With history as my guide, including what President Obama called a “shellacking” when a “historic” 10 percent of incumbents were defeated in 2010, you can bet money on my forecast.
But, you may say, this time it is different. And, surveys abound that would lead to a logical conclusion that all kinds of incumbent members of Congress are in real trouble.
That would include, seemingly, the possibility that people aren’t complaining about Congress just as a whole, but their own members as well. In the past, throwing out the rascals meant “except for my rascal.”
An ABC News/ Washington Post poll this month asked a scientifically selected sample of voters: “Are you inclined to re-elect your representative in Congress, or are you inclined to look around for someone else to vote for?”

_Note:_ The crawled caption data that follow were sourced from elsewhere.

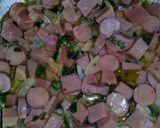 A picture of step 1 of Cold Meat Pasta.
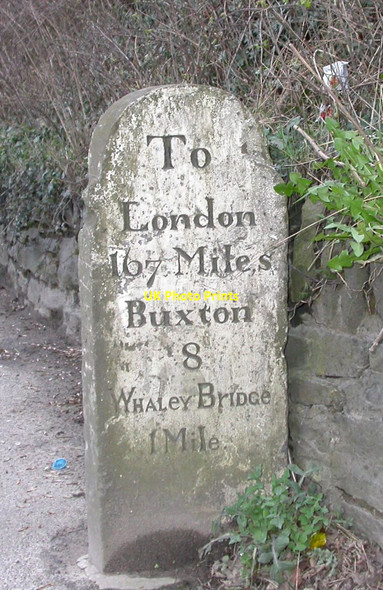 Photo 6"x4" Old Milestone by the A6, north of Whaley Bridge Bridgemont c2007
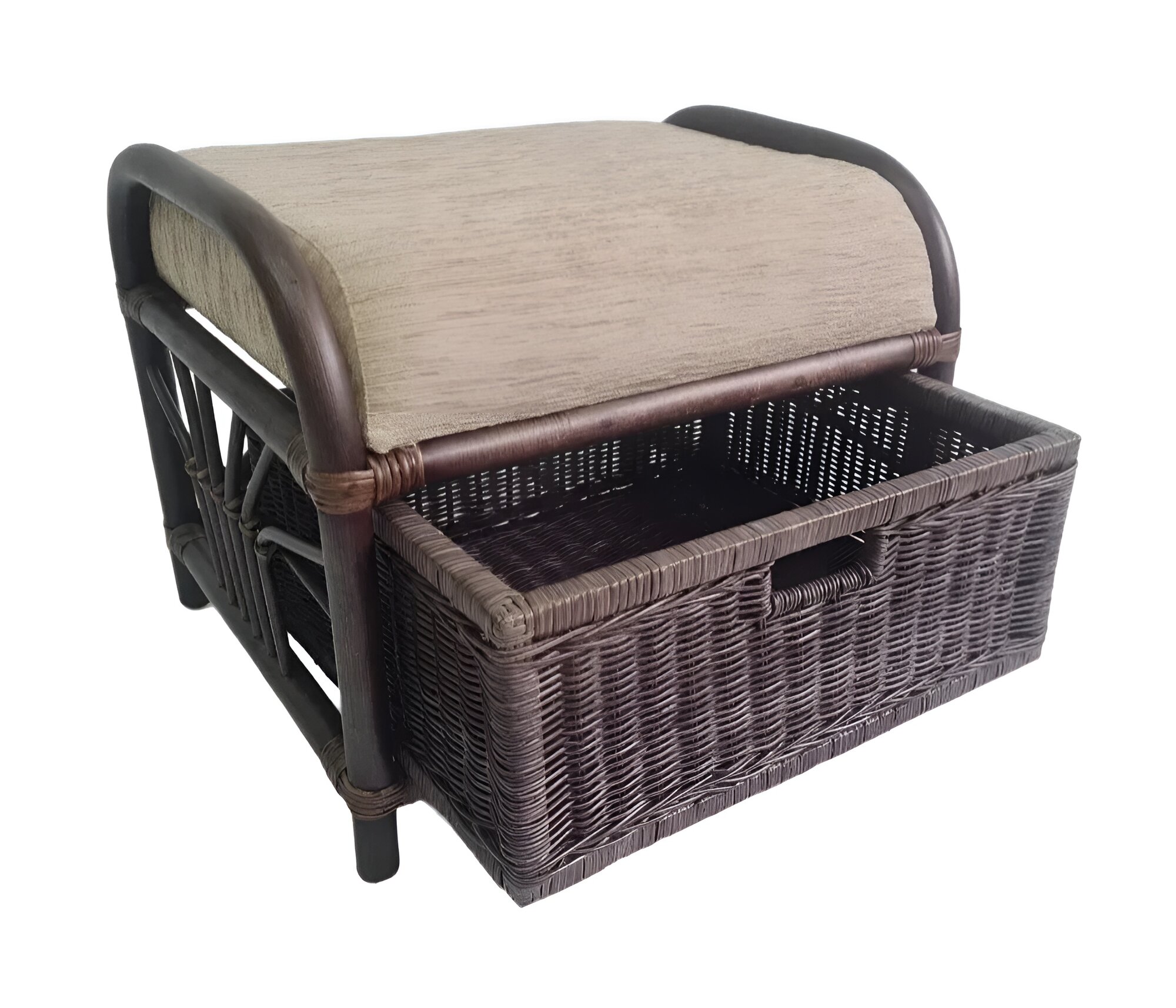 Пуф 12 20 с выдвижным ящиком и мягким сиденьем  цвет темно коричневый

The results: Only 22 percent say they are inclined to stick with their representative. While “looking around” is not the same as saying you are not going to vote for your current rascal, there is a strong message here.

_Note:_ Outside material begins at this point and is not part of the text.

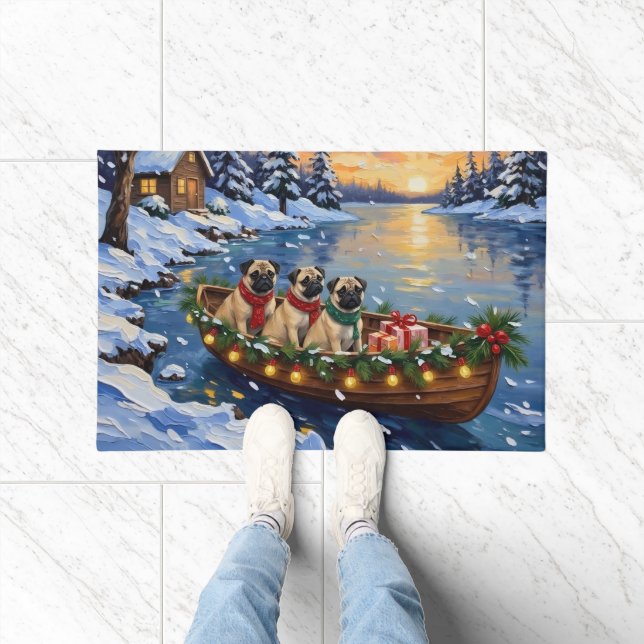 Paillasson Bateau de Noël Pug Fêtes (Intérieur)
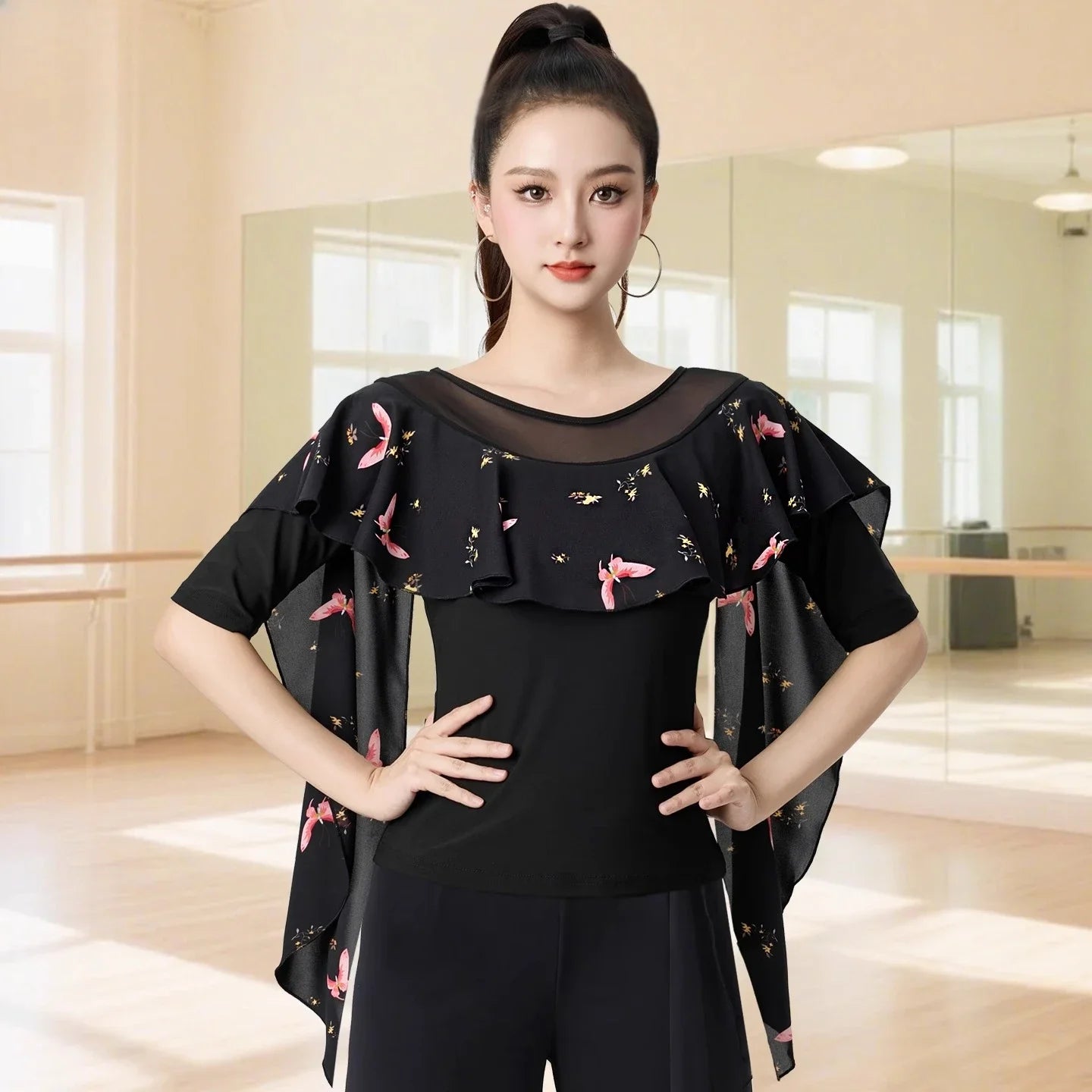 Dancewear Women Tops Summer Fashion Print Latin Line Dance Costume New Products Ballroom Dance Women Top Training Clothes Black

These two media giants have been asking that question for 25 years. The anti-incumbent response has never been this high. In fact, until 2010, those saying they supported their incumbent member of Congress were about double what they are now.
This bit of analysis will bring us back to the question of how can I be so sure there will be nothing really new about the results this year.
Something called “Fenno’s Paradox” remains as a definitive answer. Richard Fenno Jr., of the University of Rochester, launched a seven-year study that resulted in a 34-page analysis and conclusion published in The American Political Science Review in 1977.
Fenno, a highly regarded political scientist known for his pioneering work on Congress and its members, traveled for seven years with various members of the House of Representatives to, “observe and inquire into anything and everything the members do.”
His conclusions have stood the test of time: “So long as House members explain themselves but not the institution, they help sustain (wittingly or unwittingly) the gap between a 10 per cent approval level for Congress and a 90 per cent re-election record for themselves.”
Thirty-seven years later, the beat goes on. Throughout the state, our one senator and all but one of the House members scored big victories in this month’s primaries and will likely sail smoothly back into Washington in November.
Their collective message, like most incumbents across the country: “Send me back and I’ll fight the very institution I am a member of to straighten out all the things you don’t like about it.”
Regardless of the rancor we will hear over the next few months, at least 90 percent of the rascals will successfully explain themselves and return to their seats.